Selama berabad-abad Kesultanan Turki Usmani menjadi super power, bahkan pada abad ke-16 boleh dikatakan satu-satunya super power. Kekuasaannya meliputi seluruh Timur Tengah sampai ke Asia Tengah, Eropa Timur dan Afrika Utara. Di kawasan Eropa tentara Turki Usmani sempat menguasai Bulgaria, Serbia, Albania, Yunani, bahkan sempat memasuki kota Vienna atau Wina.
Setelah mengalami kekalahan dalam Perang Dunia I, Kesultanan Turki Usmani terus menerus mengalami kemunduran. Satu persatu daerah kekuasaannya lepas, baik yang berada di Eropa Timur, Asia Tengah maupun Afrika Utara. Sementara kelompok pro-Barat di dalam
negeri terus-menerus membangun kekuatan. Pada Akhirnya mereka berhasil menggulingkan Kesultanan Ottoman, kemudian menggantinya dengan Republik Turki yang sekuler pada 1923.
Mustafa Kemal yang menjadi pemimpin sekaligus simbol Bapak Sekuler Turki kemudian mendapat julukan “Attaturk” yang berarti “Bapak Turki”. Namanya kemudian lebih popular dengan Kemal Attaturk. Sampai saat ini patung dan fotonya masih menghiasi taman dan tempat-tempat umum di Turki. Bahkan, di Siprus wajah Kemal Attaturk diletakkan di atas bukit yang dapat dilihat dari kejauhan. Bagi Attaturk sekularisasi berarti menghapuskan nilainilai dan identitas Islam yang melekat pada seluruh aspek kehidupan publik di Turki. Kaum laki-laki harus menggantung jubah dan menggantinya dengan jas. Membuang sorban atau tarbus dan menggantinya dengan topi. Kaum perempuan harus menampakkan rambutnya dengan membuka cadar atau jilbab dan menampakkan betis atau pahanya. Lebih jauh lagi para pejabat dan aparat negara yang taat menjalankan agama disingkirkan secara sistematis.
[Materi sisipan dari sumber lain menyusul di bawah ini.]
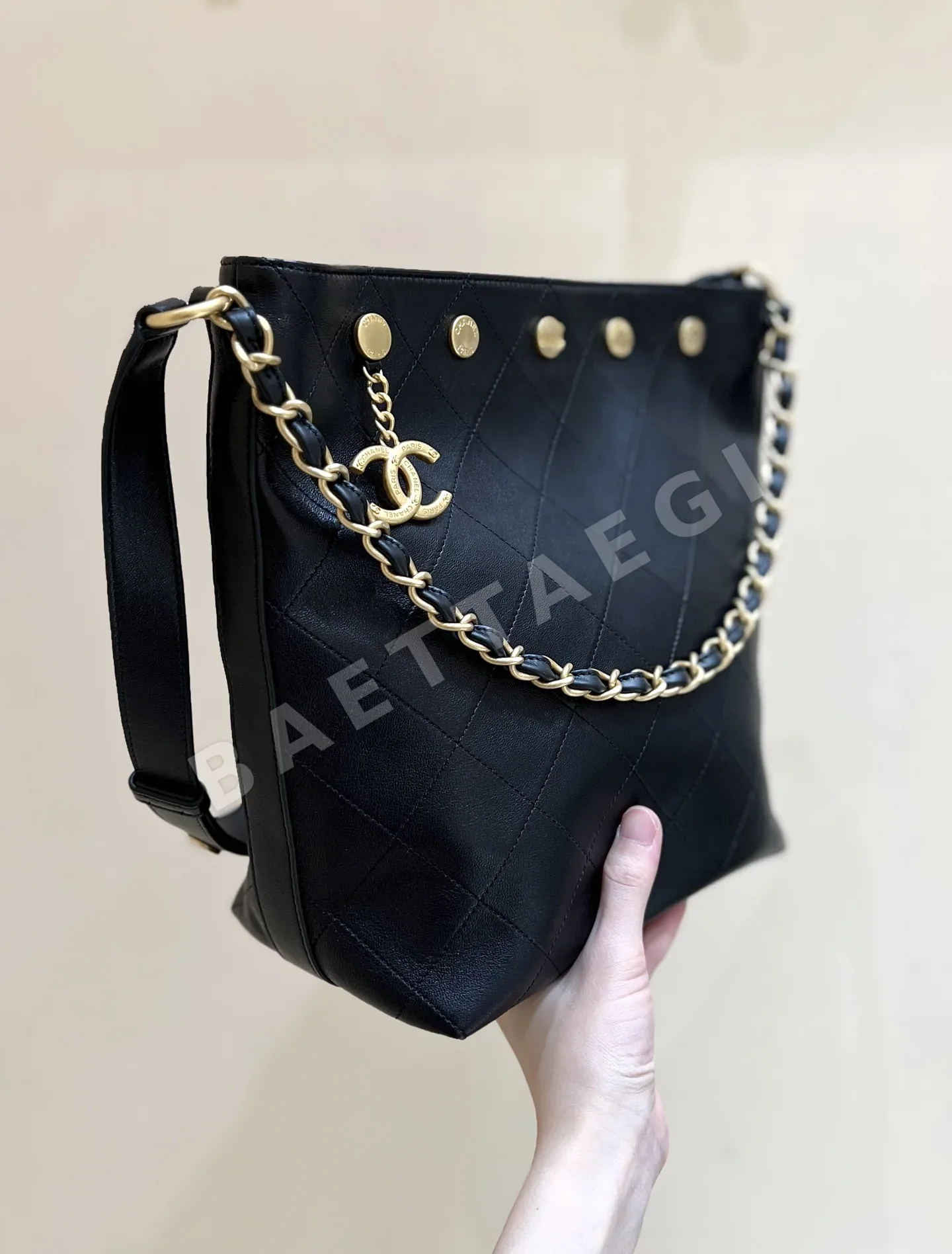 샤넬 25P 스터드 버킷백 AS5406 상세 이미지 6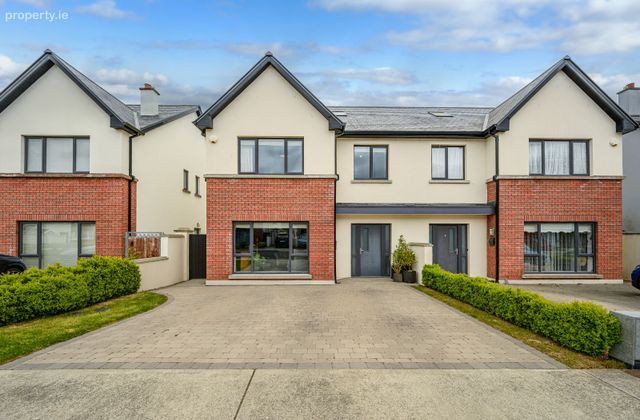 7 Fern Dale, Castle Heights, Kilmoney, Carrigaline, Co. Cork - Click to view photos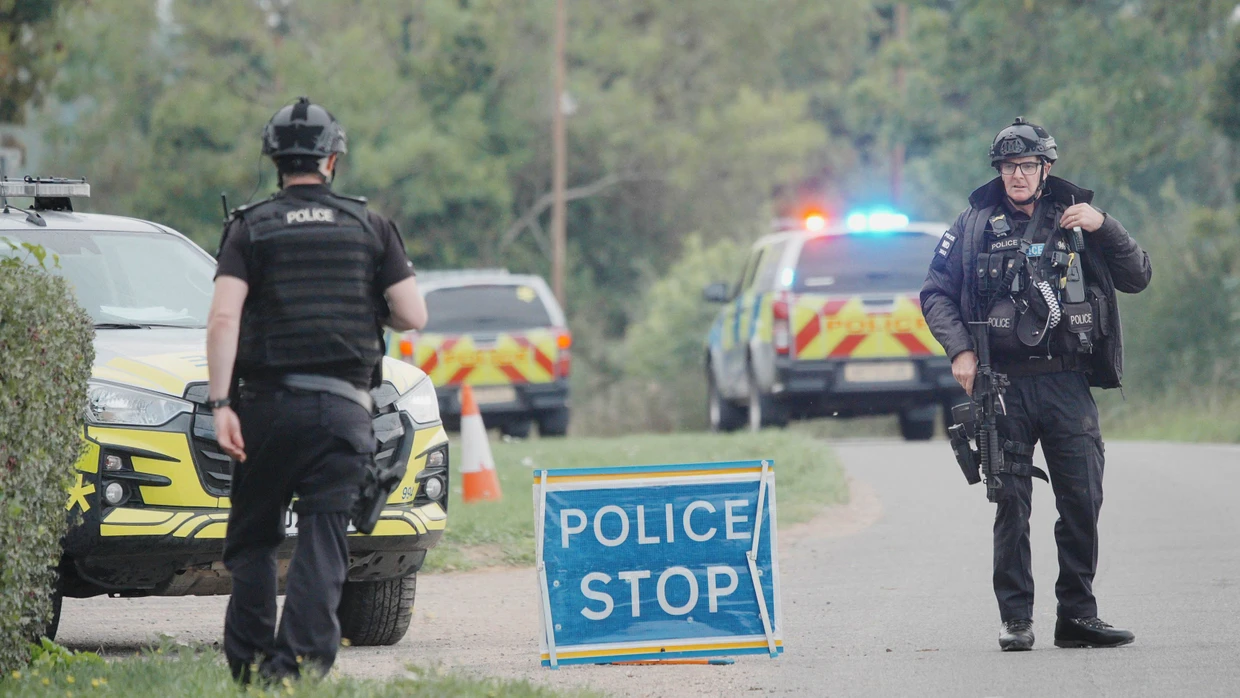 Polizisten blockieren am Sonntag eine Straße nach einem Vorfall an dem britischen Militärstützpunkt RAF Fairford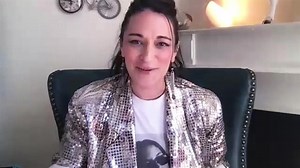 Resident Alien’s Sara Tomko Talks Possible Romance With Harry In Season 2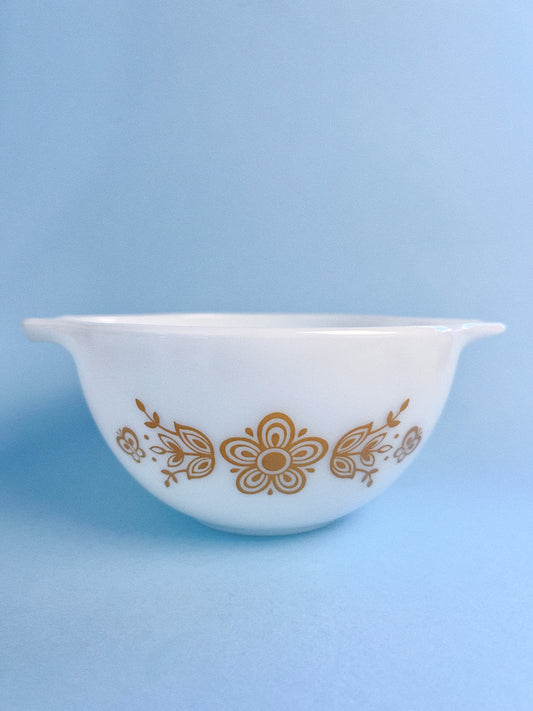 Pyrex Butterfly Gold Cinderella Mixing Bowl - 441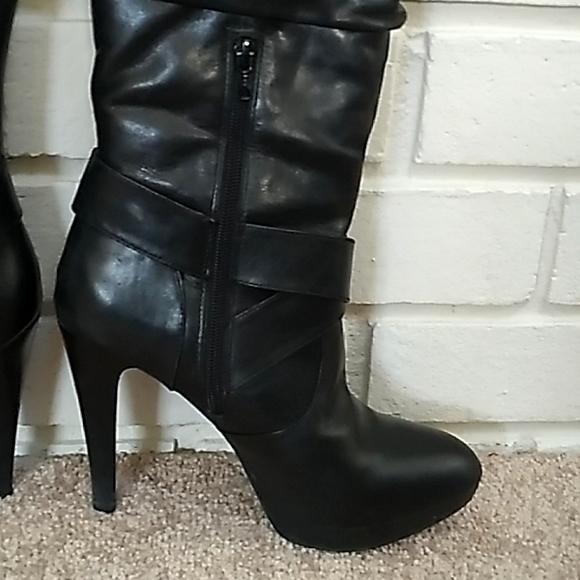 I.N.C. International Concepts Leather Knee Buckle Detail Heeled Boots. Size 9 - Picture 6 of 15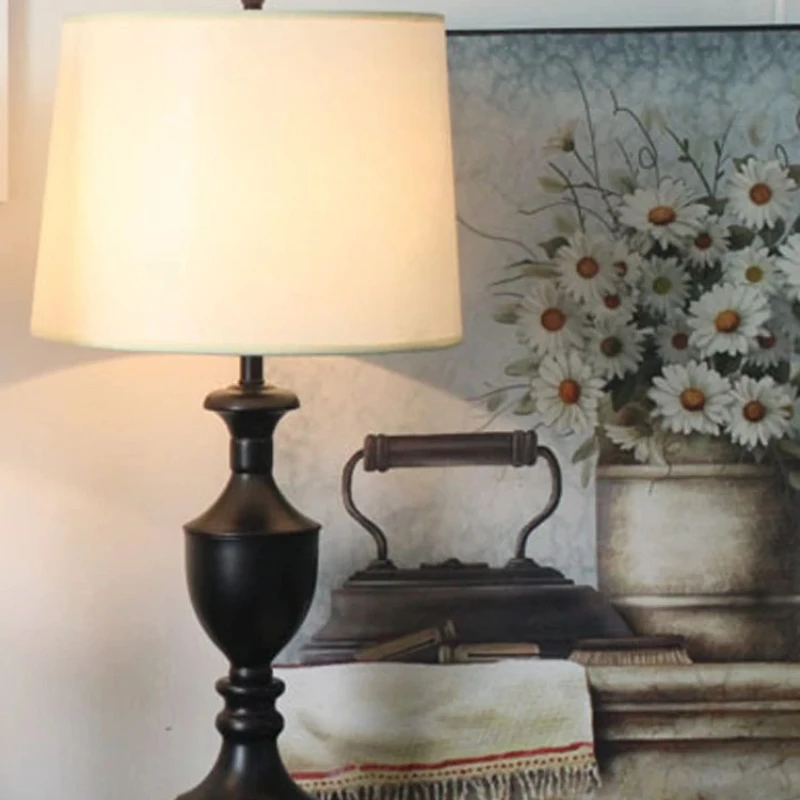 American Iron Fabric Table Lamps Bedroom Bedside Lamp Simple Creative Study Living Room Home Decor Sample Room Desk Light Design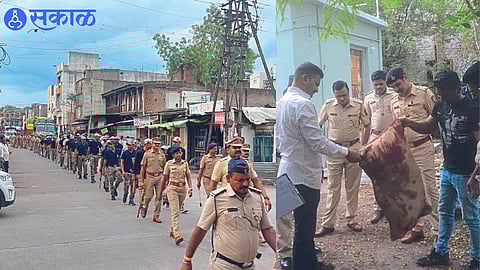 Mock drill by police in Mahavitaran office jalgaon news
Namun, pada kenyataannya sekularisasi Turki hanya berhasil pada lingkaran elite saja, sementara rakyat kecil dan mayoritas petani tidak pernah berhasil disekulerkan. Mereka mengalami disorientasi kultural, bukan Barat tapi Timur juga tidak. Yang lama dibuang sementara yang baru belum juga tergapai. Dengan mengubah huruf Arab dan menghapus berbagai kosa kata yang berasal dari bahasa Arab atau Parsi yang terserap ke dalam Bahasa Turki, menyebabkan orang Turki mayoritas menjadi buta huruf dalam waktu sekejap. Sehingga, mereka tidak bisa mewarisi kekayaan intelektual dan budaya bangsanya sendiri.
Kader Erbakan
Pertemuan Pelajar Sedunia di Istambul dibuka oleh Presiden Abdullah Gul. Dalam sambutannya terasa sekali nafas dan spirit Islam di dalamnya, walaupun pemerintah Turki mengundang perwakilan hampir semua negara sahabat termasuk negara-negara Asia non-Muslim seperti Cina, India, Jepang dan Korea Selatan. Ia mencoba menampilkan wajah Islam yang ramah dan modern. Ia juga mengutarakan pentingnya Turki menjadi jembatan antara Eropa dan Asia, tidak saja dalam makna geografis tapi juga secara politis, yaitu antara Islam dan Barat yang kini sering menampakkan kesalahpahaman.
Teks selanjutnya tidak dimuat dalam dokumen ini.